Is it wise for biological siblings to have sex or to marry? Probably not. They are more likely than others, for example, to have children with serious genetic problems if they do. But perhaps the law ought nonetheless to stay out of the equation. Most of us would not wish to regulate the marriage of people carrying genes for such diseases as Tay Sachs, after all, even if individuals might choose to avoid replicating the genes on their own. In any event, adult siblings (or parent-child pairs) are probably not lining up at the altar, even after Thursday's decision.

Justice Scalia's Alarm at the Court's Decision
In a sense, Justice Scalia is right to be alarmed. Lawrence v. Texas is a very big deal, and his fulminating dissent thus gives it its due. Indeed, if Justice Harry A. Blackmun were alive today, he would surely delight in knowing that his equally angry Hardwick dissent has now, finally, become the law.
The new ruling calls into question the State's role as enforcer of morality and suggests that where no one is harmed, decisions must usually be left in the hands of the individual. Though the majority might not be willing to take the principle to its logical conclusion at the moment, some Court might do so in the future.
Where Justice Scalia is wrong is in his belief that following this road leads to certain disaster. It is in fact a much kinder and gentler road than that traveled by Justice Scalia. It is the road to freedom.


II. President Bush's proposed Constitutional Amendment to outlaw same-sex/gay marriage 

I will let these different voices say what needs to be said.

First, a word or two on Bush's stated reason(s) for pushing this idiotic amendment. Here's Atrios:

Musgrave's gonna feel the heat for revealing that Bush is, yet again, a liar.
WASHINGTON - President Bush pledged to Rep. Marilyn Musgrave that he would support her proposed constitutional amendment prohibiting gay marriage three months before he made Tuesday's public pronouncement, according to Musgrave's top aide.
The White House has said Bush made the decision only after officials in San Francisco and New Mexico presided over same-sex marriages.
Guy Short, Musgrave's chief of staff, said Musgrave discussed her Federal Marriage Amendment with the president during a Nov. 24 trip aboard Air Force One to Fort Carson, where Bush visited troops and met with survivors of military personnel killed in Iraq.
"She flew back to Colorado with him, and he indicated he would be supportive of the amendment and her language," Short said. A week earlier, the Massachusetts Supreme Judicial Court had ordered the state legislature to either permit gay couples to wed or adopt a constitutional amendment prohibiting the practice. The legislature, unable to reach an agreement, has yet to respond.
On Jan. 31, speaking to GOP House and Senate members attending a retreat in Philadelphia, Bush endorsed the amendment and, according to Short, expressed "support for Marilyn's language."

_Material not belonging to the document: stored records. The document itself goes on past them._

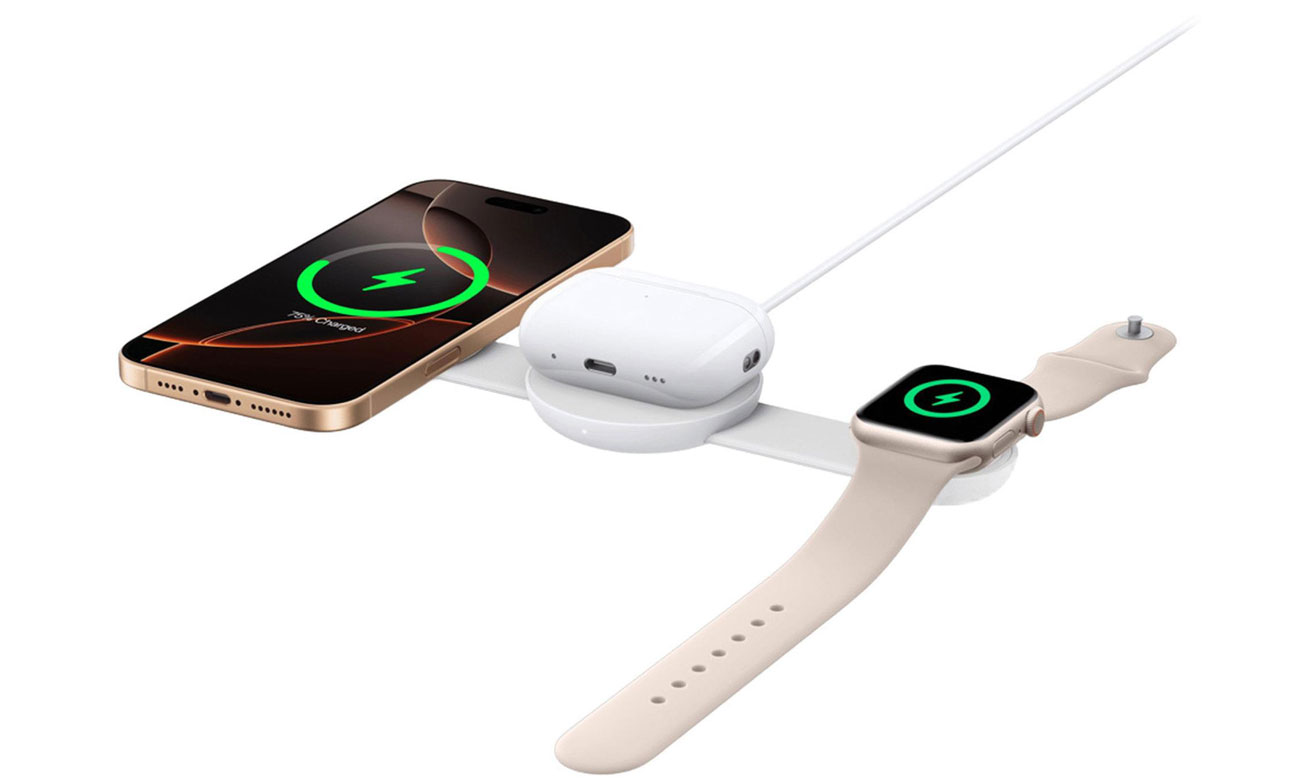 Anker MagGo Wireless Ladestation 3-in-1 Klapppad weiß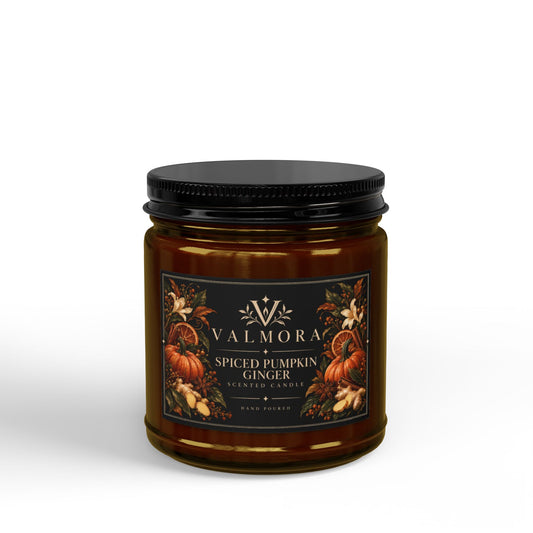 Spiced Pumpkin Ginger Soy Candle | Natural Cotton Wick | 4oz & 9oz
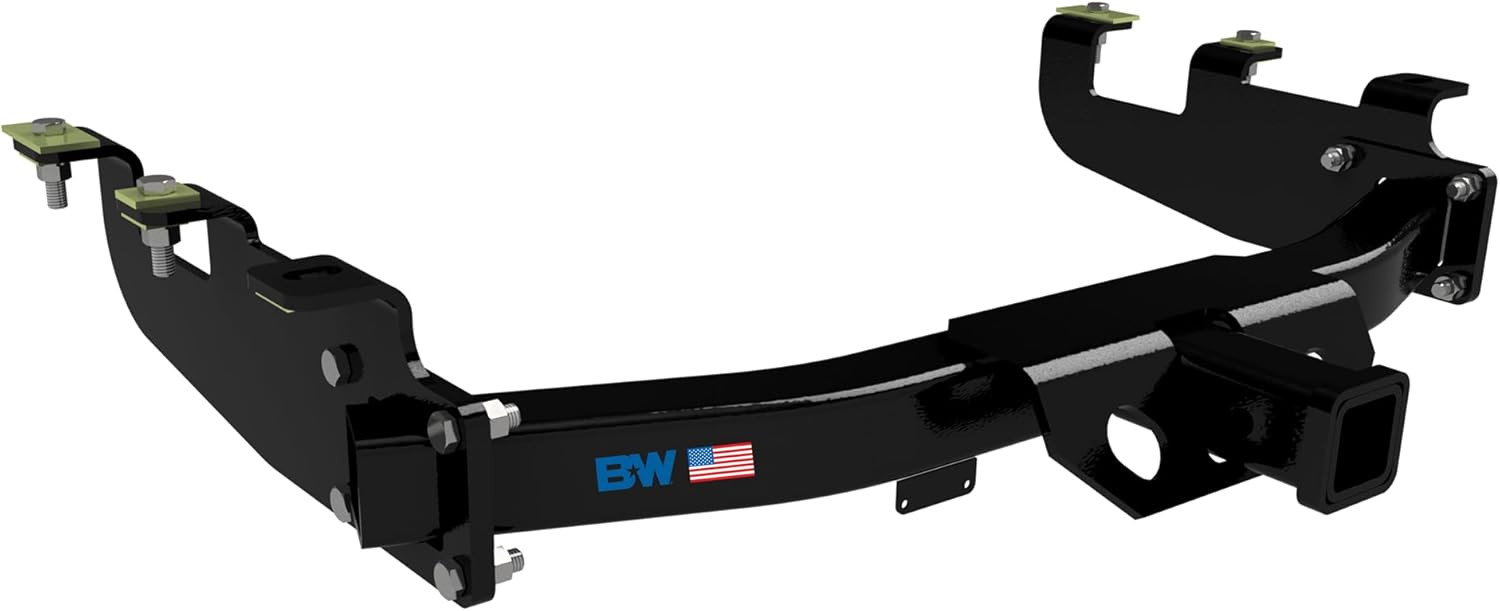 B&W Trailer Hitches Heavy-Duty Receiver Hitch – HDRH25182 - Compatible with 2001-2010 Chevrolet/GMC 2500 Heavy Duty Short Bed Trucks with Factory Bumper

Second, a note to point out that Bush's amendment outlaws not just same-sex marriage but also a lot of rights for same-sex couples (including possibly civil unions). Here's Jack Balkin on this (via Atrios):

I've been thinking about the proposed Federal Marriage Amendment (FMA), whose text is available at the website of the Alliance for Marriage. The proposed text of the amendment reads:

Marriage in the United States shall consist only of the union of a man and a woman. Neither this constitution or the constitution of any state, nor state or federal law, shall be construed to require that marital status or the legal incidents thereof be conferred upon unmarried couples or groups.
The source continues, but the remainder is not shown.